X_train, X_test, y_train, y_test = train_test_split(
    X, y, test_size=0.2, random_state=42, stratify=y
)
 
scaler = StandardScaler()
X_train_scaled = scaler.fit_transform(X_train)
X_test_scaled = scaler.transform(X_test)
 
model = LogisticRegression(max_iter=10000, random_state=42)
model.fit(X_train_scaled, y_train)
y_pred = model.predict(X_test_scaled)
 
print(classification_report(y_test, y_pred, target_names=['Malignant', 'Benign']))

Results on the test set:

	Precision	Recall	F1-score
Malignant	0.95	0.93	0.94
Benign	0.96	0.97	0.97
Accuracy			0.956

95.6% accuracy with logistic regression, no feature engineering, no hyperparameter tuning. This dataset is famously "easy" for classifiers, which is also why it's used for teaching.

More important than accuracy is the recall on the malignant class. A false negative here — predicting Benign when the tumour is actually Malignant — is far more costly than a false positive. At 0.93 recall on malignant, the model misses about 7% of malignant cases, which in a real screening context would be unacceptable. You'd optimise the decision threshold to push malignant recall higher, accepting more false positives.

Surprising Findings

The redundancy between radius_mean, perimeter_mean, and area_mean was expected once I thought about the geometry.
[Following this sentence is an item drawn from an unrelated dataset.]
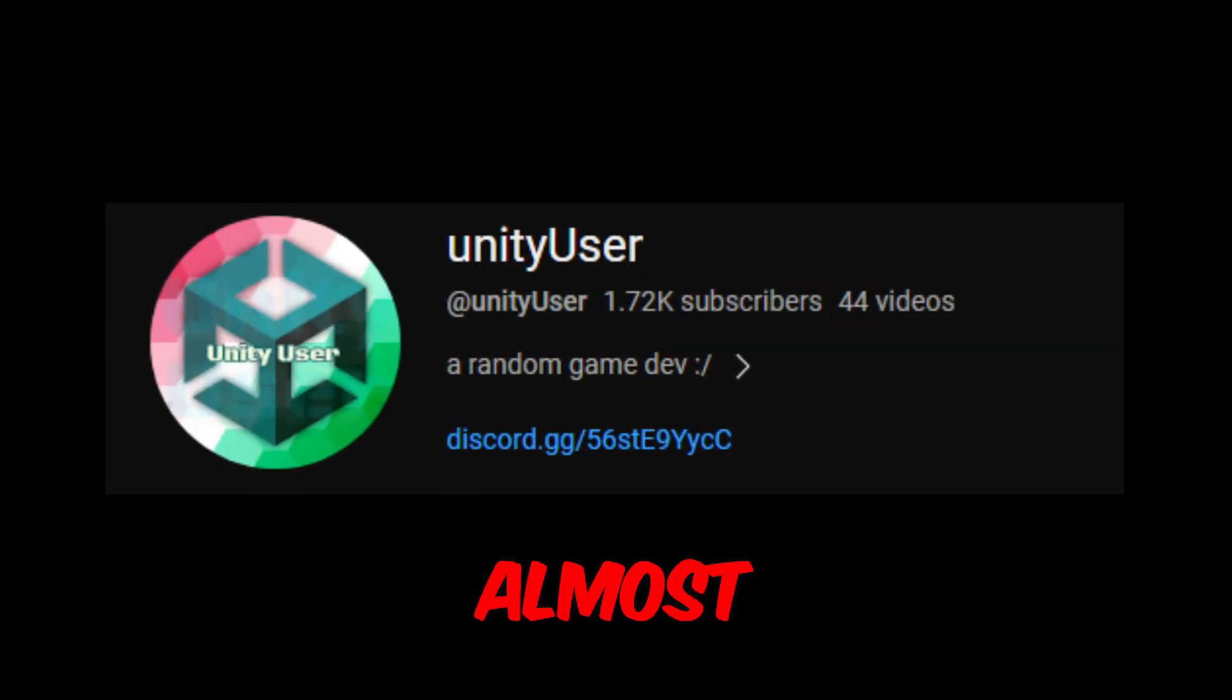Before the video starts, I just want to tell you guys we are almost at 2,000 subscribers, so please like and subscribe and check out my Patreon. Enjoy!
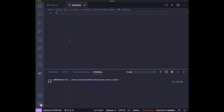Hi guys, welcome back to the channel. Today we'll take a look at how you can use Redis as a caching layer in Python. Redis is an in-memory database — it's pretty much a key-value store. I'll link some resources in the description to learn more about Redis. The main goal of this video is to show how you can use the Redis client in Python to put data in Redis and read it back. We're going to be running Redis locally, though in a production setting you'd have your Redis server running on a different machine and connect to it from your server to get data directly from memory.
What I didn't expect was how much it showed up visually — the pair plot panels for those three features are so similar they look like the same plot.

What genuinely surprised me was how little fractal_dimension_mean contributed. It has almost no separation between classes in the violin plot and very low correlation with diagnosis. It's a sophisticated-sounding measurement but turns out to be the least useful feature for this particular classification task.

The lesson from this dataset is that domain knowledge matters in EDA. The geometric relationship between radius, perimeter, and area is obvious once stated, but I only noticed the multicollinearity problem because I built the correlation heatmap. Visualisation found what intuition missed.

What Comes Next

The logical next steps from an EDA like this would be:

Feature selection — drop the redundant size features or apply PCA
Compare classifiers: random forest, SVM, gradient boosting
ROC curve analysis to understand the precision/recall tradeoff
Cross-validation instead of a single train/test split
Calibration — logistic regression probabilities are relatively well-calibrated, but it's worth checking

For a production screening tool you'd also want to think carefully about the cost matrix — the penalty for a false negative in cancer diagnosis is much higher than a false positive, and that should directly influence the model selection and threshold choice.

This project reminded me that EDA isn't just a preliminary step before the "real" modelling work. Understanding your data well — its structure, its redundancies, its class balance — directly determines which models are appropriate and how you should evaluate them.